__DATA PROVIDED__:
####################

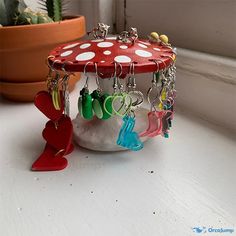 a red mushroom with white polka dots and lots of earrings hanging from it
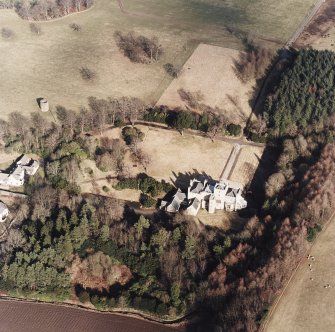 Oblique aerial view taken from the WSW, centred on Wallhouse and a dovecot.
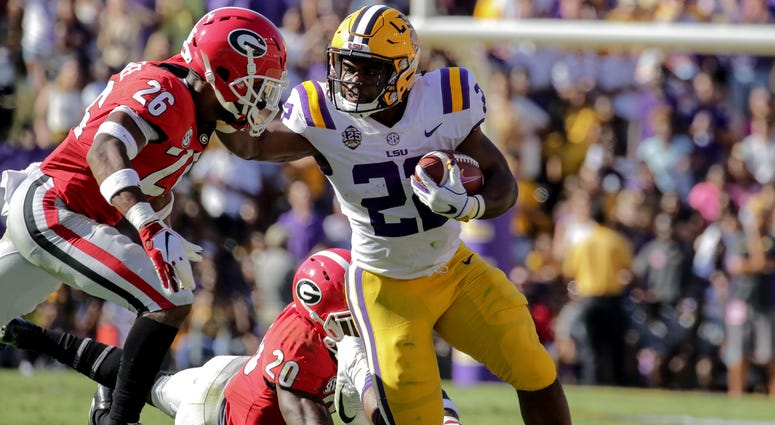 Oct 13, 2018; Baton Rouge, LA, USA; LSU Tigers running back Clyde Edwards-Helaire (22) break away from Georgia Bulldogs defensive back Tyrique McGhee (26) and defensive back J.R. Reed (20) during the second quarter at Tiger Stadium. Mandatory Credit: Deri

####################

__TASK__:
Beginning with the line that contains "Oblique aerial view", write out the remaining lines of the listing above through the last, exactly and only those, without pictures.

__YOUR RESPONSE__:
 Oblique aerial view taken from the WSW, centred on Wallhouse and a dovecot.
 Oct 13, 2018; Baton Rouge, LA, USA; LSU Tigers running back Clyde Edwards-Helaire (22) break away from Georgia Bulldogs defensive back Tyrique McGhee (26) and defensive back J.R. Reed (20) during the second quarter at Tiger Stadium. Mandatory Credit: Deri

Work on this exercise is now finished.